Replacing fossil fuels with hydrogen would eliminate the combustion emissions. Compared to current battery electric vehicles, hydrogen fuel cell electric vehicles have longer driving range and can be refueled in less time. A hydrogen economy would require new infrastructure to handle storage and distribution, and an abundance of electricity generated from renewable sources. But in many countries, ambitions are high.
The hydrogen economy refers to a vision of the future where the energy system of today – the hydrocarbon economy, based on oil and other fossil fuels – has been replaced by a system where hydrogen is the primary energy carrier.
Compressed energy in the tank
The high energy density of fossil fuels make them well suited for transports. The drawback is that the combustion releasing the energy also gives rise to inevitable emissions. Hydrogen, once compressed, is also energy dense, and the energy can be converted to electricity by the chemical reactions in a fuel cell with an oxidizing agent. The only emissions are water and heat. This means that hydrogen can be a zero-pollutant fuel – though emissions may still be caused by the generation of electricity needed to produce the hydrogen in the first place.
Producing hydrogen is not difficult. Using electricity, water can be split into hydrogen and oxygen through electrolysis. The amount of energy required makes the process fairly expensive, but electrolysis cells are reliable, without moving parts, and the production can be either centralized or distributed. Using hydrogen as an energy storage can also be a way to make use of otherwise discarded surplus electricity (similar to the concept of grid energy storage). The hydrogen can be distributed either by pipeline or stored in tanks. The storage is one of the main challenges of the hydrogen economy, since it has to be either compressed or cooled to liquid state.
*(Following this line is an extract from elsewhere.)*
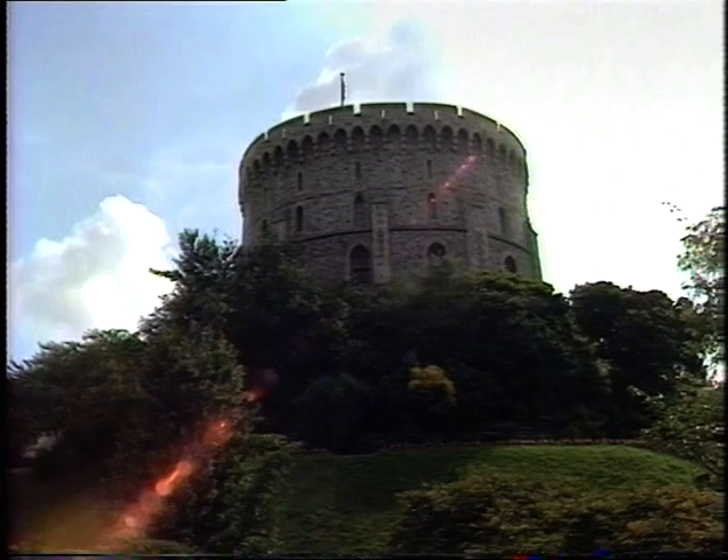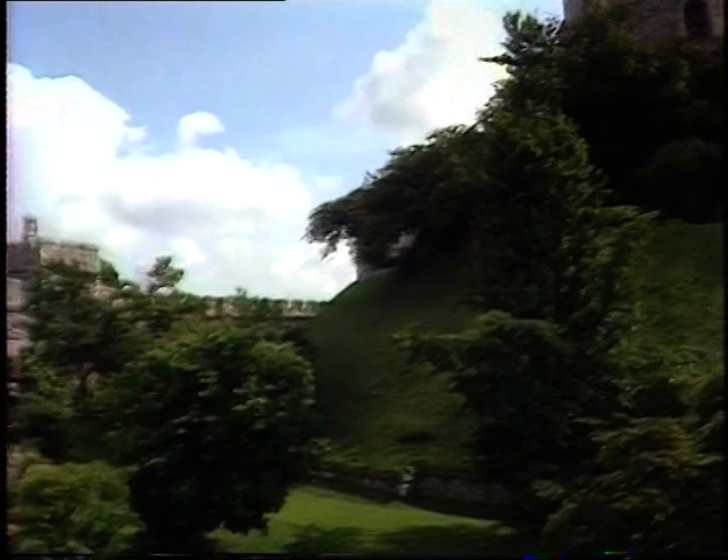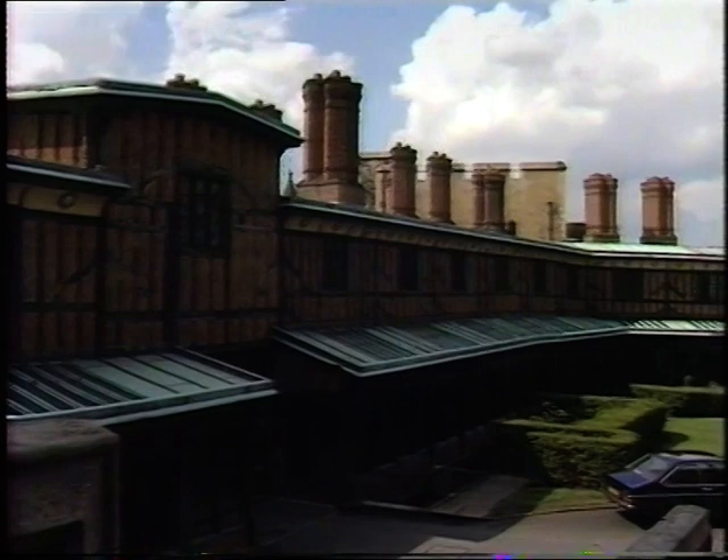It was begun in the 11th century by William the Conqueror, but its most conspicuous feature — the Round Tower — was only completed in 1828. Flowers now bloom in the moat that withstood two desperate sieges, and chapel choristers live in the lovely Horseshoe Cloister, built in 1490 to house minor clergymen.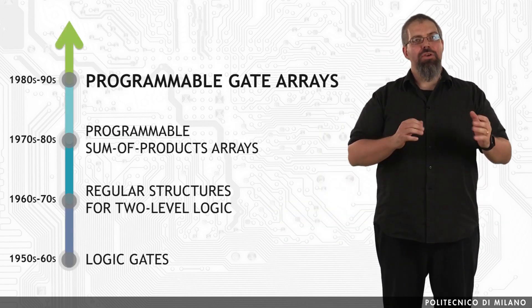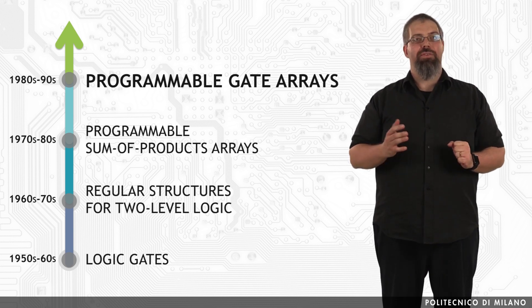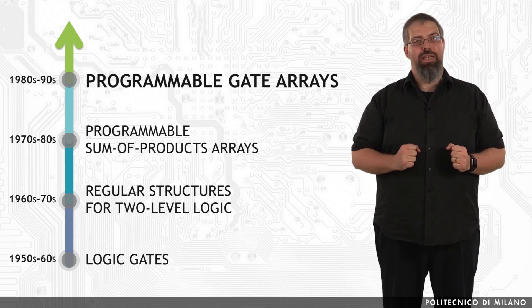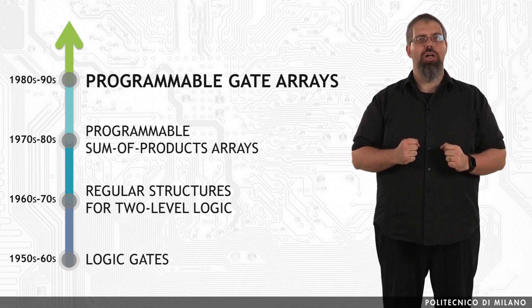From the mid-80s, reconfigurable computing has become a popular field due to the Field Programmable Gate Arrays technology progress. FPGAs were not the first reconfigurable technologies, but let's try to have a better understanding of what these devices are and the reason why they got so much attention and traction on the market.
A fuel cell vehicle is an electric vehicle, but with a hydrogen fuel cell instead of a battery. Battery electric vehicles have better efficiency, and the energy conversions involving hydrogen might appear like a detour. Nevertheless, hydrogen is more flexible in other ways, and might still be an option depending on the models of production and distribution.
Developing a hydrogen economy of scale
Hydrogen fuel cell vehicles are already on the market, and there are a couple of hydrogen fueling stations available in Sweden. Fuel cell vehicles compare favourably with current battery vehicles in range and refueling time. Newly launched Toyota Mirai, for instance, can be fully fueled in 3-4 minutes and has a driving range exceeding 500 km.
In principle, a hydrogen economy could be based on electrolysis and fuel cells, but the chemical reactions require rare and precious metals such as platinum to be used as catalysts.
Alternative production methods are inspired by nature. Some cyanobacteria fix nitrogen from the air, releasing hydrogen in the process. Harvesting hydrogen from microorganisms might be a way to scale up production in the future. Another option is to recreate their enzymes – proteins which enable the chemical reactions, and contain abundant materials like carbon, iron and nickel instead of precious metals – and insert these in a synthetic setting. World-leading research in this field is carried out for instance at the Ångström Laboratory in Uppsala.
The global engineering group Sandvik believes fuel cells for the vehicle industry will be an important opportunity. Aiming to set a new standard for the industry, Sandvik has developed a unique process to mass-produce pre-coated strip steel – a key fuel cell component.
Gas company AGA is also investing. Hydrogen for industrial use has been produced by wind-powered electrolysis for some time, and operations are now being widened to produce vehicle hydrogen. A hydrogen fueling station is being set up at Arlanda airport. According to AGA, small-scale electrolysers deployed at existing gas stations is a likely development in the future.
Several of the major car manufacturers are currently developing fuel cell models, and countries like Germany and Japan are building infrastructure, actively pursuing a transition to the hydrogen economy. The Japanese vision includes a hydrogen fuel cell in every home by 2040, and a piped distribution system to fuel them. Germany is looking at storing hydrogen in underground caverns.
To conclude, hydrogen is an energy carrier with many interesting properties, able to compete with both fossil fuels and batteries. The electrolysers, hydrogen stations and pipelines making up the hydrogen economy infrastructure are massive investments, but many believe economies of scale would make them profitable.
It is still an open question whether the cars of a fossil free future will draw their energy from batteries or fuel cells. Perhaps both alternatives will find their respective fields of application? Regardless of the outcome, it seems that the hydrogen economy, long envisioned in theory, is about to be created at least in prototype.
The article was published in November 2015.